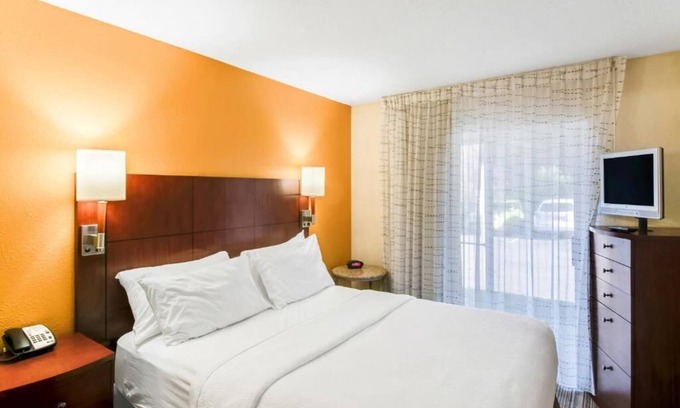 Westborough Hotel | One Bedroom Queen Suite with sofa bed and fully equipped kitchen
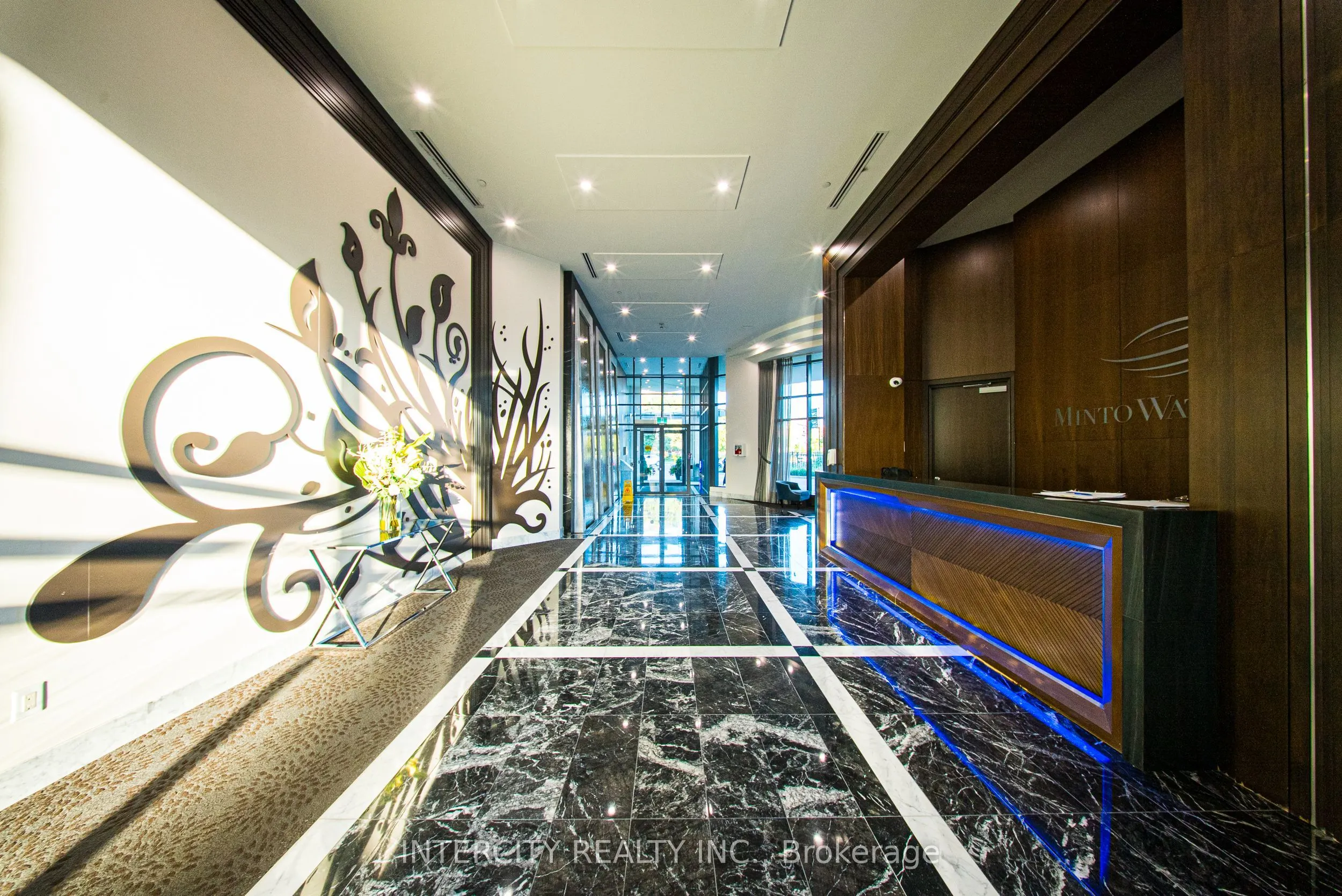 7608 Yonge Street, #PH15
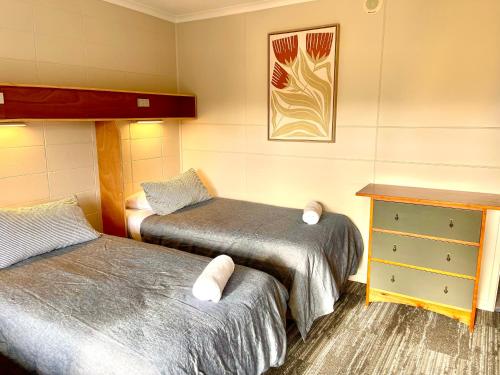 Te Anau Lakefront Backpackers Room Type - Quadruple Room with Private Bathroom
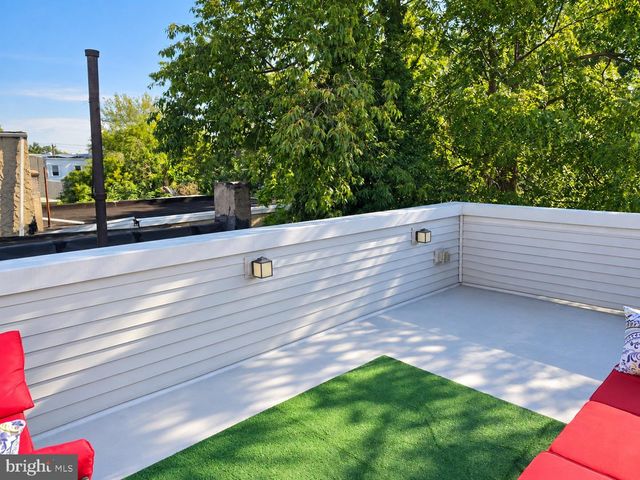 139 N FARSON, Philadelphia, PA 19139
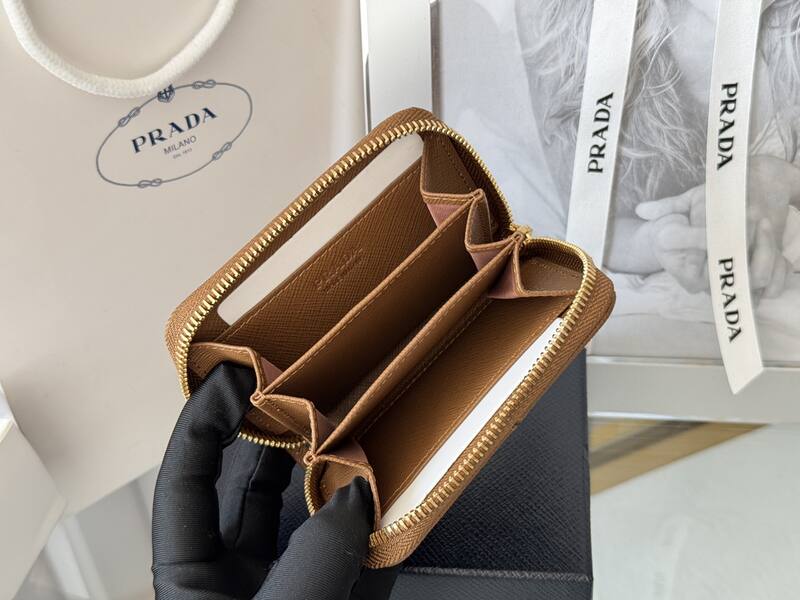 Prada Brown 25x18x10cm shoulder bag — AAA Quality Replica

--------------------------------------------------

**YOUR GOAL:**
Give again, unchanged, only the lines from the line containing "7608 Yonge Street, #PH15" to the last line of the records above. Pictures do not belong in the copy.

**RESULT FOR THIS TASK:**
 7608 Yonge Street, #PH15
 Te Anau Lakefront Backpackers Room Type - Quadruple Room with Private Bathroom
 139 N FARSON, Philadelphia, PA 19139
 Prada Brown 25x18x10cm shoulder bag — AAA Quality Replica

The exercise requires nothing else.